Chief Fire Officer Richard Fitzmaurice Sullivan passed away on 25 September 1990 aged 89.
Richard, commonly known in the Isle of Wight County Fire Brigade as 'Dick', was born in Romsey in 1901. In 1917 at 16 years of age he joined the Merchant Navy as a stoker. Following this he joined the Royal Air Force on 4 October 1921. His military records show he was employed as a driver of petrol vehicles service number 349900. His service was predominantly with 25 Squadron at Hawkinge, Uxbridge, Constantinople (during the Chanak Crisis), Upavon and Biggin Hill.

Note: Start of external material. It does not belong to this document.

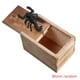 thumbnail image 1 of Caja de broma sorpresa de madera, caja de regalo de dinero de Halloween, broma de Navidad, juguete falso de goma para saltar, insecto al azar Inevent FN2300-01, 1 of 7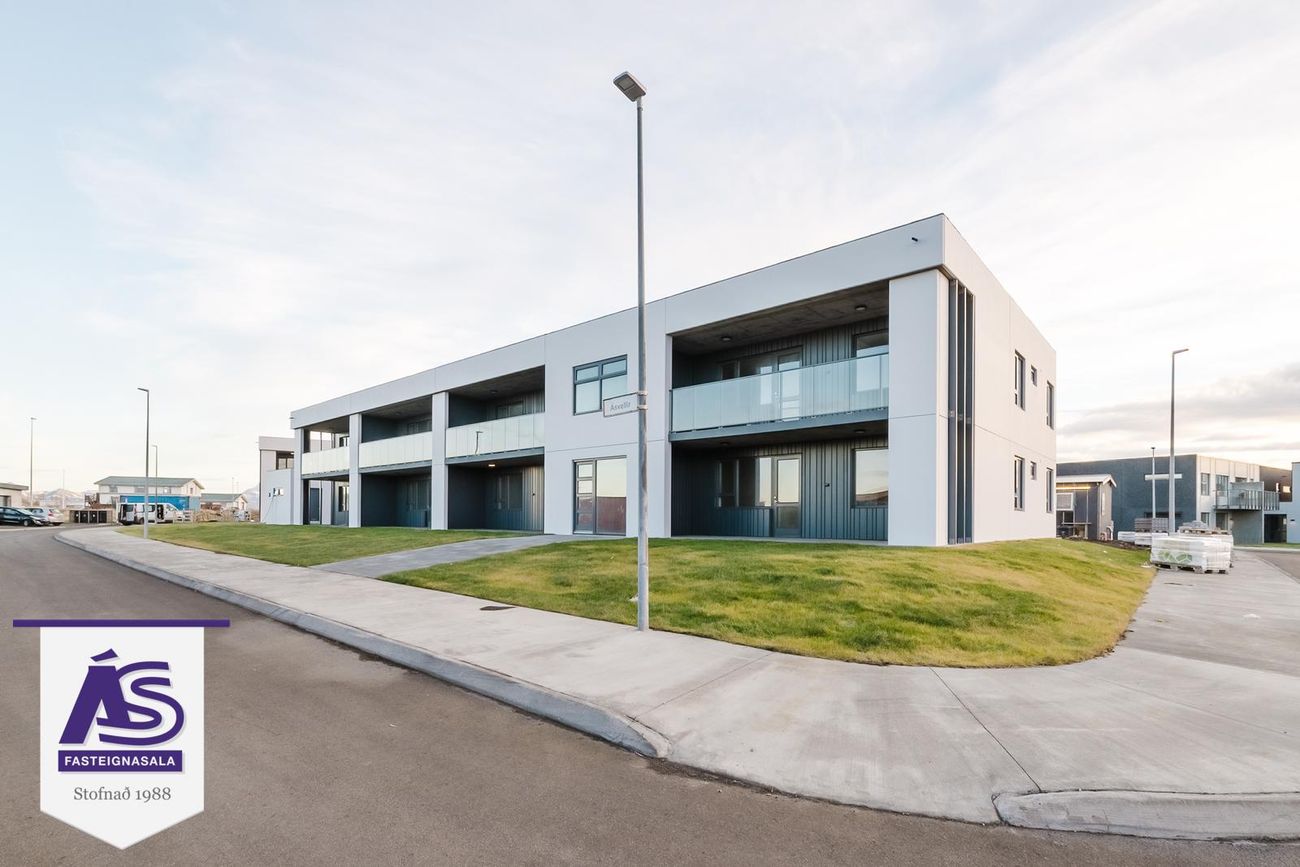 Ásvellir 1B - 0103, 301 Hval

In 1931 he entered the world of firefighting at Southampton. He was promoted to Sub Officer in 1935 and Station Officer in 1941. The 1939 Register captured him listed as Professional Fire Officer living in Brinton's Road, Southampton.On the formation of the National Fire Service in August 1941 he was appointed as Divisional Commander for the Southampton district and subsequently served in the Portsmouth and Aldershot areas. When hostilities ceased he was transferred to the Isle of Wight and served as Column Officer of the IW contingent of the NFS from August 1946.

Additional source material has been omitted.